To perform asynchronous learning, operators need to be able to exchange information as they are running – which means they need to be running at the same time! “Thus, we adopt a gang-scheduled approach to ASIP stage execution, and, for correct execution, all operators should—in the limit —be able exchange messages. It is unclear how much asynchronous algorithms would benefit from ASIP in a non-gang-scheduled environment (e.g., repeatedly execute a smaller set of isolated ASIP tasks).” The actual message exchange in the prototype is a simple uniform broadcast. As in Volcano other implementations could be used transparently to the program, including variants of multicast, point-to-point communication, and aggregration trees.

In Apache Spark, deterministic execution greatly simplifies fault tolerance. Yet ASIP is non-deterministic…

It might appear that ASIP is hopelessly at odds with the these systems’ operational model. However, in the context of our asynchronous learning tasks, ASIP is actually quite compatible with these dataflow engines.

Neither ASIP-SGD nor ASIP-ADMM is serializable, yet alone determinstic. But the algorithms themselves have a built-in statistical fault-tolerance:

Specifically, a key property of ASIP in the context of these algorithms is that the information exchanged via the ASIP iterator is sufficient—on its own—to (approximately) recover the state of a lost physical operator. If a particular partition fails (or is restarted due to stragglers), the data on that partition can be re-loaded and the operator re-started; the excellent conver- gence guarantees of dual averaging and ADMM ensure that, despite any temporary deviation from the partition’s predecessor state, the partition’s successor task will eventually converge. Thus, these algorithms are statistically fault tolerant. We empirically evaluate the effect of restarts in our prototype in the next section, and demonstrate that, under reasonable delays, system restarts do not destabilize the ASIP-enabled algorithms.

How well does it work?

The ASIP-SGD and ADMM implementations were compared to their BSP based alternatives across four real-world publicly available datasets and four different learning tasks.
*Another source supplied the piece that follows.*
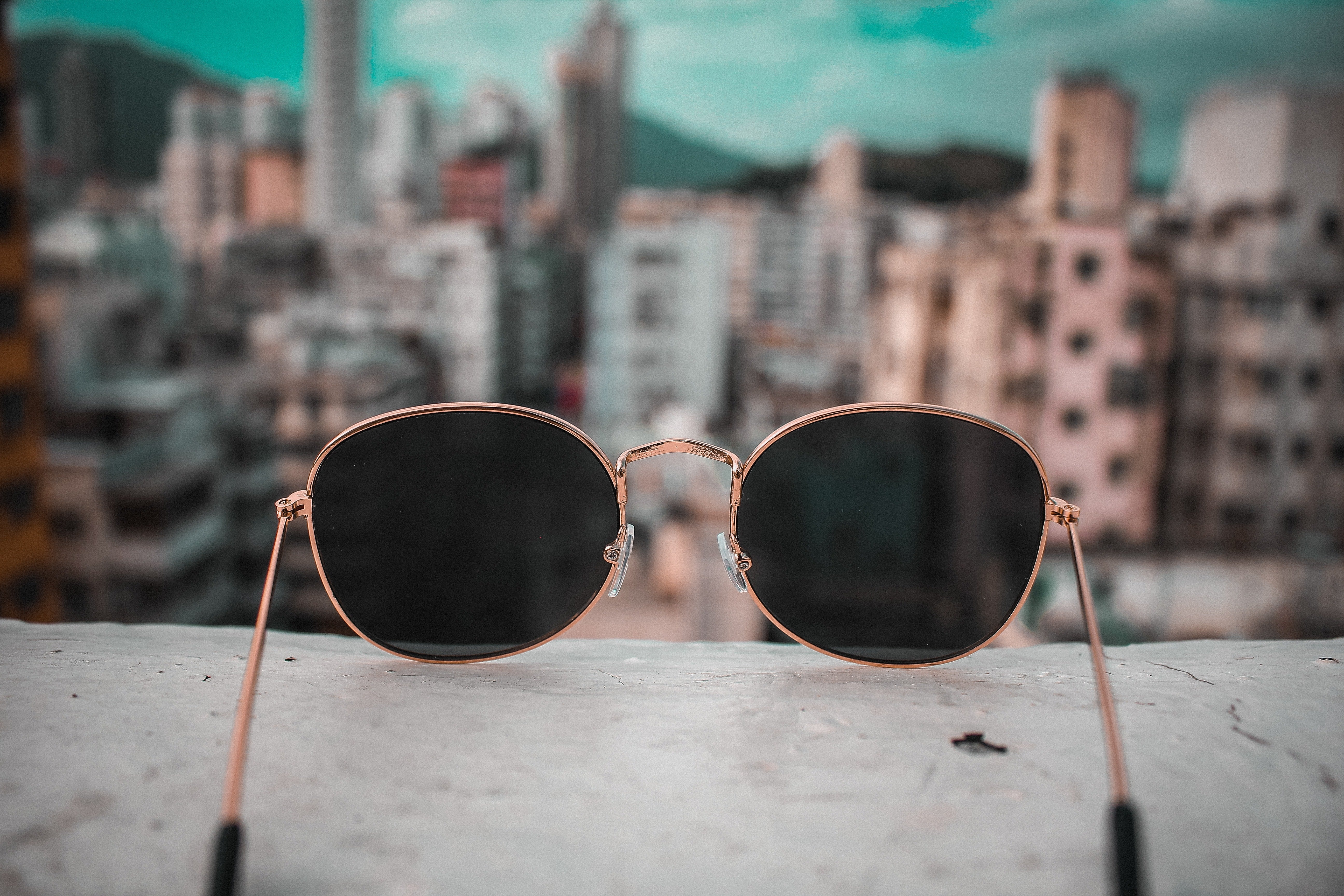 The Feature Must Haves When You're Shopping for New Sunglasses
Across all the combination of objective function and datasets we
observe a few common trends. In general, naïve averaging performs poorly, while the ASIP-SGD generally substantially outperforms the other algorithms. In general, the asynchronous variants ASIP-SGD and ASIP-ADMM out performed their synchronous counterparts, with ASIP-SGD often outperforming GD by more than an order of magnitude. In particular, if we consider the average ratio of the objective at 10 seconds into the computation across all experiments we find that ASIP-SGD is 74 times lower than that of GD. While the objective of ASIP-ADMM is only 1.2 times lower than that ADMM we show in Figure 6 that in the presence of a single straggler ASIP-ADMM can yield more than an order of magnitude reduction in objective value.